WHAT YOU HAVE TO DO:
The output must start at the line containing "疯狂梗传连出一路向北歌词怎么过-一路向北歌词通关攻略" in the records below and stop at the last line, matching each line exactly and leaving out every picture.

Segment Start: ENTRIES PROVIDED

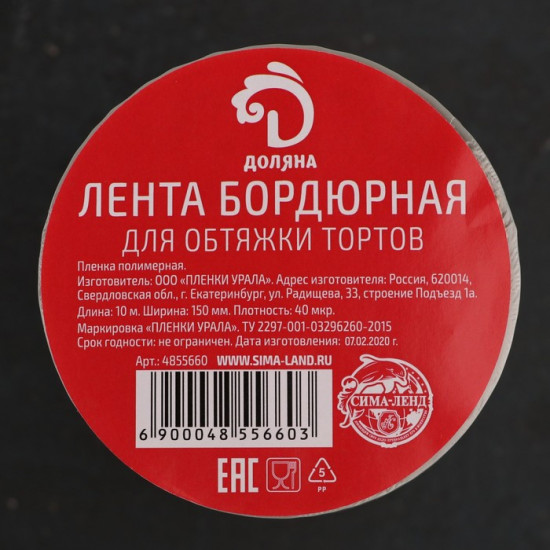 Лента бордюрная для обтяжки тортов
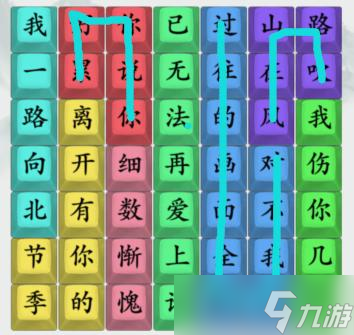 疯狂梗传连出一路向北歌词怎么过-一路向北歌词通关攻略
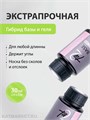 Ta2 30мл База Hard Жесткая 13901002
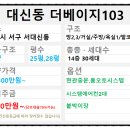 더베이지103주상복합 이미지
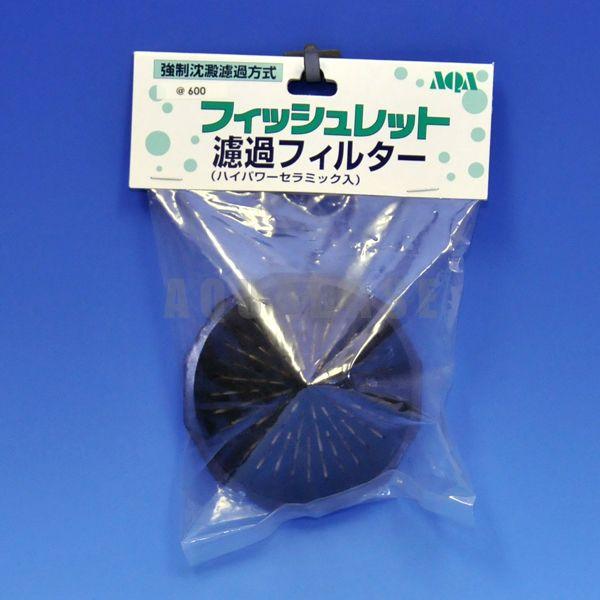 アクア工房 フィッシュレット 濾過フィルター : アクアベースショップ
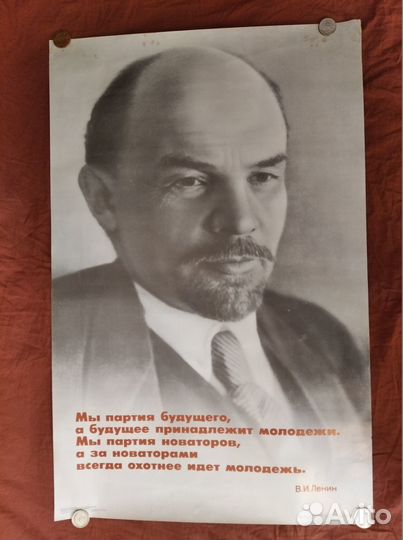 Плакаты СССР ленин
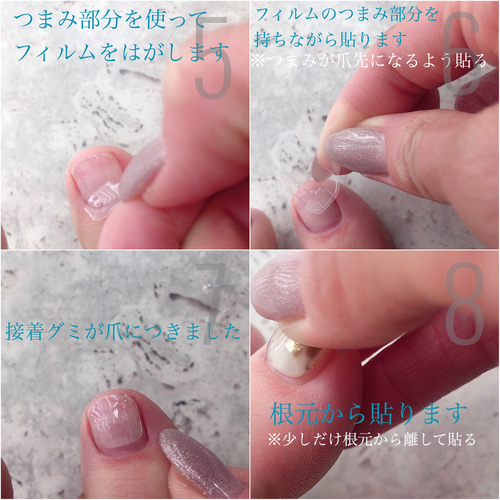 No.1 ネイルチップ ネイルチップ（つけ爪） Chiipon 通販
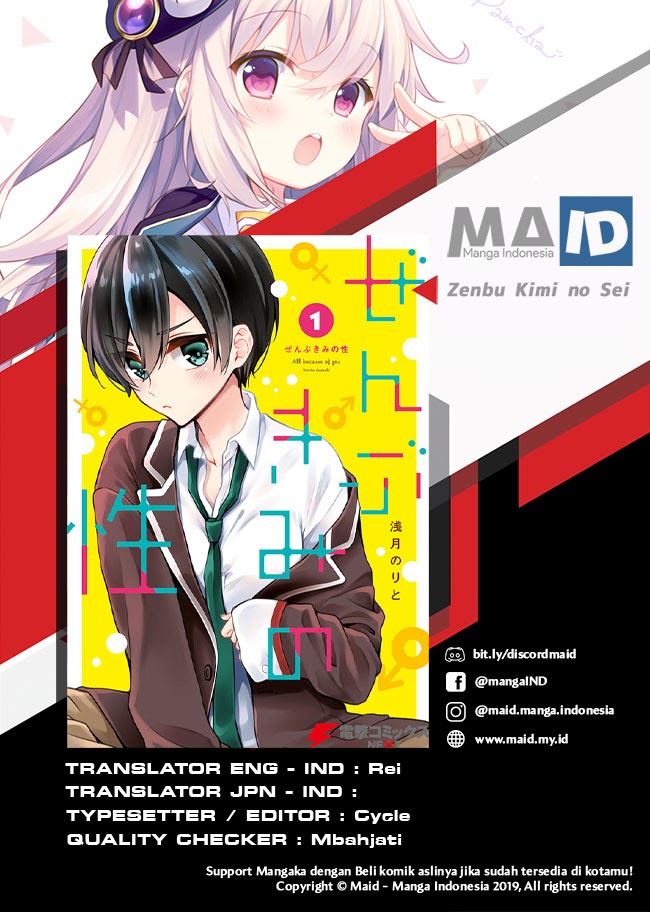 Zenbu Kimi no Sei Bab 05.2 halaman 1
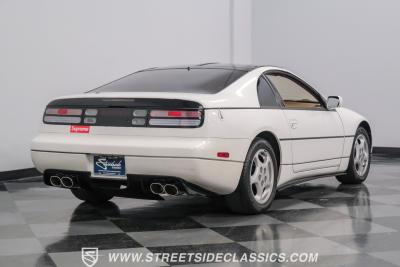 1993 Nissan 300ZX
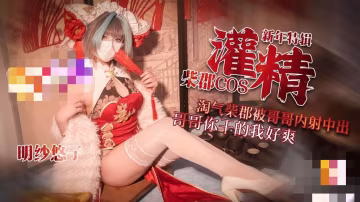 【新年特輯3】 柴郡cos淘氣柴郡被哥哥內射中出 哥哥你乾的我好爽 明紗•悠子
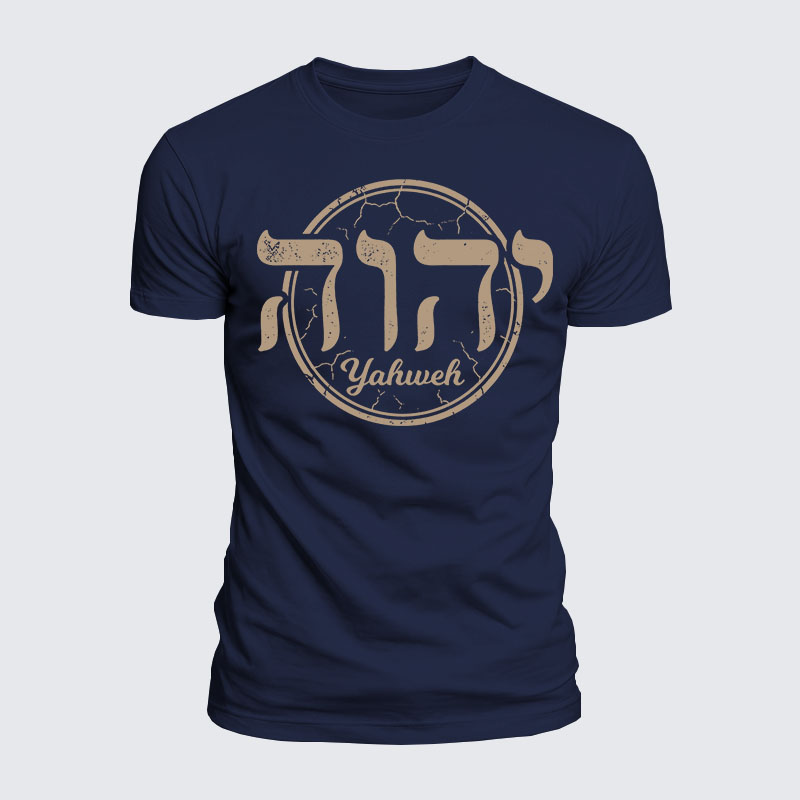 Luxe Mercerized Cotton Tee - Yahweh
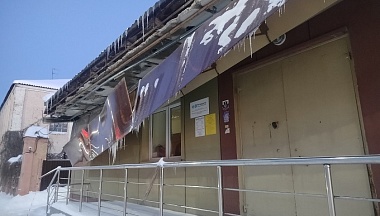 У калужского Роскадастра рухнула крыша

Segment End: ENTRIES PROVIDED

SOLUTION TO THE EXERCISE:
 疯狂梗传连出一路向北歌词怎么过-一路向北歌词通关攻略
 Ta2 30мл База Hard Жесткая 13901002
 더베이지103주상복합 이미지
 アクア工房 フィッシュレット 濾過フィルター : アクアベースショップ
 Плакаты СССР ленин
 No.1 ネイルチップ ネイルチップ（つけ爪） Chiipon 通販
 Zenbu Kimi no Sei Bab 05.2 halaman 1
 1993 Nissan 300ZX
 【新年特輯3】 柴郡cos淘氣柴郡被哥哥內射中出 哥哥你乾的我好爽 明紗•悠子
 Luxe Mercerized Cotton Tee - Yahweh
 У калужского Роскадастра рухнула крыша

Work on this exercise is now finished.